Rubber futures continue to gain amid supply concerns
Positive sentiment from Chinese economic stimulus supports price rally
Tokyo – Natural rubber (NR) futures continued to gain for the third week in a row amid supply concerns and China’s economic stimulus introduced last week.
The trading week ended 27 Sept saw “sharp” rises in pricing, driven by robust buying from China's commodity funds and speculators, reported Japan Exchange Group (JPX) 30 Sept.
In Osaka, Japan, OSE rubber contracts for February 2025 delivery surged 6.7% week-on-week, while China’s SHFE and INE futures were also up 2.9% and 2.0%, respectively.
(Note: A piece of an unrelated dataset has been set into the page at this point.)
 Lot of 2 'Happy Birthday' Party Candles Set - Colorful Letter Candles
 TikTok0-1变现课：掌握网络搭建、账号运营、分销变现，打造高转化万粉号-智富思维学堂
In Singapore, SICOM’s active December 2024 contract gained 3.4% week-on-week amid strong physical and speculative demand.
Market sentiment during the week was positive as China's central bank cut its ‘reserve requirement ratio’ by 0.5 percentage points, releasing approximately $142 billion for new lending.
The agency also lowered the 7-day repo rate by 0.2 percentage points to 1.5%.
The “larger-than-expected” stimulus, according to JPX, ignited a rally in both equities and commodities.
Meanwhile, concerns over rubber supply and recent flooding in key producing regions further supported price gains.